Build a Standalone Media Converter .EXE with AutoHotkey v2 GUI
Experienced developers can quickly build a self-contained Windows .EXE (Windows 7–11) without external dependencies. Leveraging AutoHotkey v2 and AI tools, this solution enables recursive processing of photos and videos via ffmpeg and ImageMagick. The entire codebase is under 1,500 lines, resulting in a compact 500 KB binary. The logic mirrors a command-line script: downloading packages via winget, re-encoding media into modern codecs (HEVC, AVC, JPEG) with GPU acceleration.
Setup: Research & Tech Stack Selection
During research, outdated tools lacking HEIC/HEIF and WEBM support were identified. For research, Perplexity is recommended—it aggregates data cleanly, without ads or links.
Task: Batch process archives from AI-generated content (source files 7–10 MB, compressed to 2 MB without quality loss). Recursive folder traversal with support for mixed formats from cameras and smartphones.
AI suggests AutoHotkey v2 as the optimal stack: minimal dependencies, native .EXE compilation, built-in GUI capabilities.

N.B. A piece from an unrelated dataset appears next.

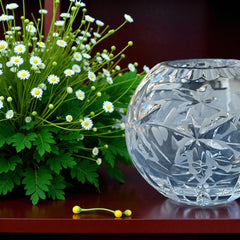 Vintage cut and etched crystal rose bowl with starburst and leaf motifs, clear glass, 5" diameter and 4.5" height, elegant midcentury design for floral display or decorative styling.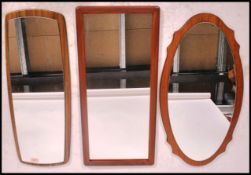 A group of three vintage 20th century retro teak mirrors. One being an frame less example.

Alternatives include AutoIt and PureBasic.
Requirements Specification
Describe your task to the AI via voice or text: 'Minimalist GUI for Windows 7–11. Recursively scans folders, uses ffmpeg/ImageMagick for media compression. No C++ or .NET frameworks.' Receive clarifying questions and a final spec.

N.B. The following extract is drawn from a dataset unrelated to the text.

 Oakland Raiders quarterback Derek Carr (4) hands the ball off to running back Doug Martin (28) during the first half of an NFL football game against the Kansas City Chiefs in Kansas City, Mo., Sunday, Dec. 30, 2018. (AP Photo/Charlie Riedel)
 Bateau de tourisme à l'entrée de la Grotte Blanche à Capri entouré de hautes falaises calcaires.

System prompt for stable output:
When I write code, always display it in a code block. When editing: 'Iteration N. Description'. Increment version in code (e.g., v2.2). Provide full code when changes exceed one line. Small edits go separately.
Do not use bold/italic/emoticons unless specified.

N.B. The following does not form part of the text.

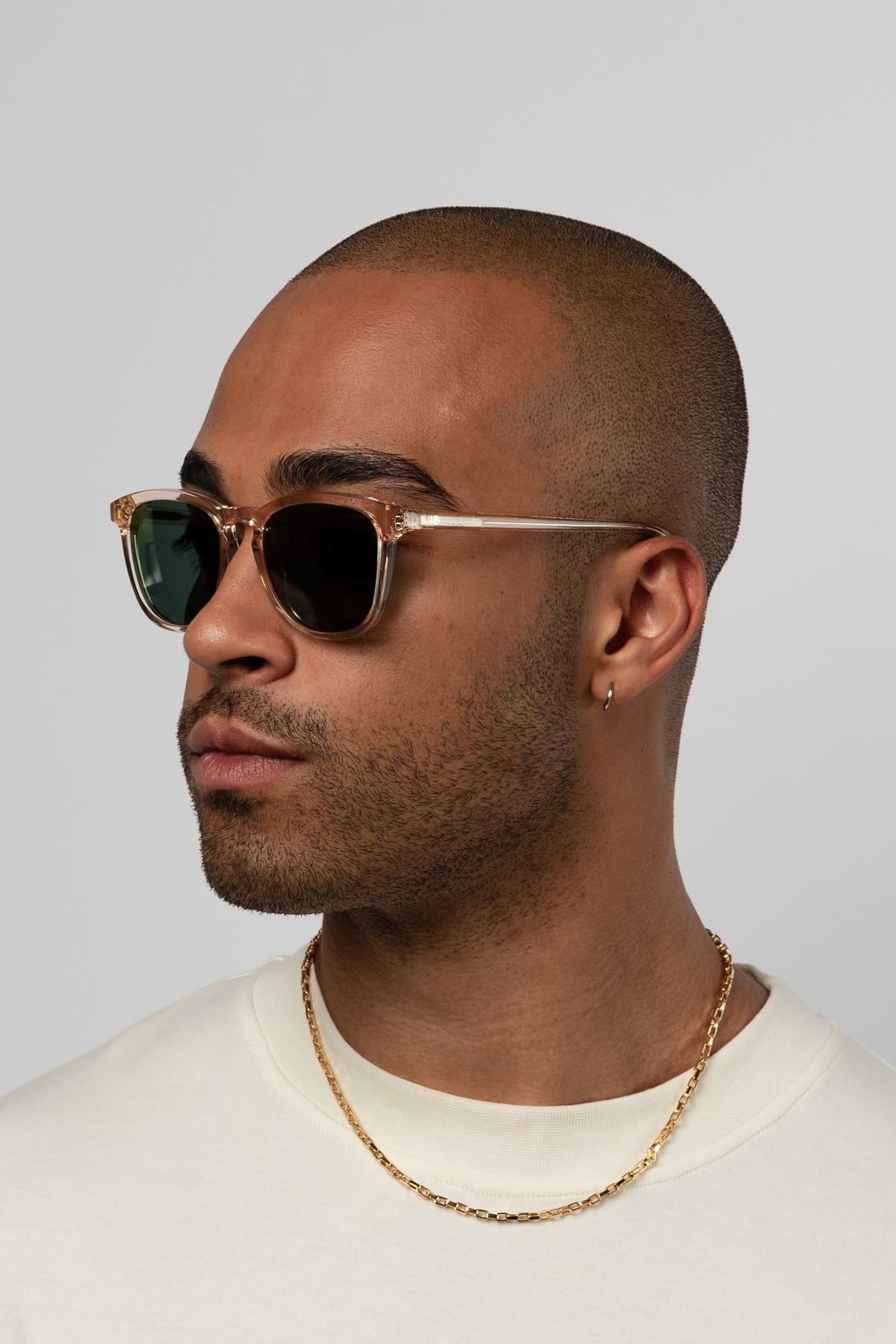 Man wearing Isle of Eden Louis-Philippe champagne sunglasses, angled portrait against a light background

This prevents hallucinations after 10–15 iterations (up to 1,000 lines).
MVP Development
Start a new dialogue with the spec and tech stack. Assign 3–5 tasks at a time: folder traversal logic, ffmpeg calls, progress bar.
- Install dependencies (winget install ffmpeg imagemagick).
- Recursive folder scanning (supports subfolders).
- Compression settings: JPEG/AVC/HEVC, GPU options.
- Progress logging.
- Error handling (unsupported formats).
The MVP can be ready by evening. Then focus on GUI refinements.
GUI: From Prototype to Release
Generate mockups in Gemini or Nano Banana: 'GUI like Nero Burning ROM from the 2000s—retro style with buttons, sliders'.
AutoHotkey v2 tricks:
- Color zones instead of system buttons (click handling).
- Custom sliders built on modal windows.
- Menus and progress bars using native controls.
Use Dribbble/Freepik references in prompts. For fine-tuning, Photoshop beats chat interfaces (positioning, spacing).
Iterations:
- Iteration 1–5: basic layout.
- 6–10: styling (VB6 nostalgia vibe).
- 11+: small features (menu symmetry).
Debugging & Optimization
Test option combinations manually: compression checkboxes, paths, formats. Automated testing via chat is inefficient (×3–5 slower).
Common bugs:
- Symbolic link traversal issues.
- GPU access during background operations.
- Memory leaks with large archives (>100 GB).
Optimizations:
- Asynchronous progress updates.
- Pause/resume functionality.
- Log output saved to file.
The third evening is reserved for edge cases.
Key Takeaways
- AutoHotkey v2 compiles directly to .EXE without runtime (just 500 KB).
- Recursive processing: photos (HEIC → JPEG), videos (WEBM → HEVC).
- GPU compression reduces archive sizes by ×3–5.
- 10–15 AI iterations before degradation.
- Native GUI elements only—no libraries, compatible with Windows 7+.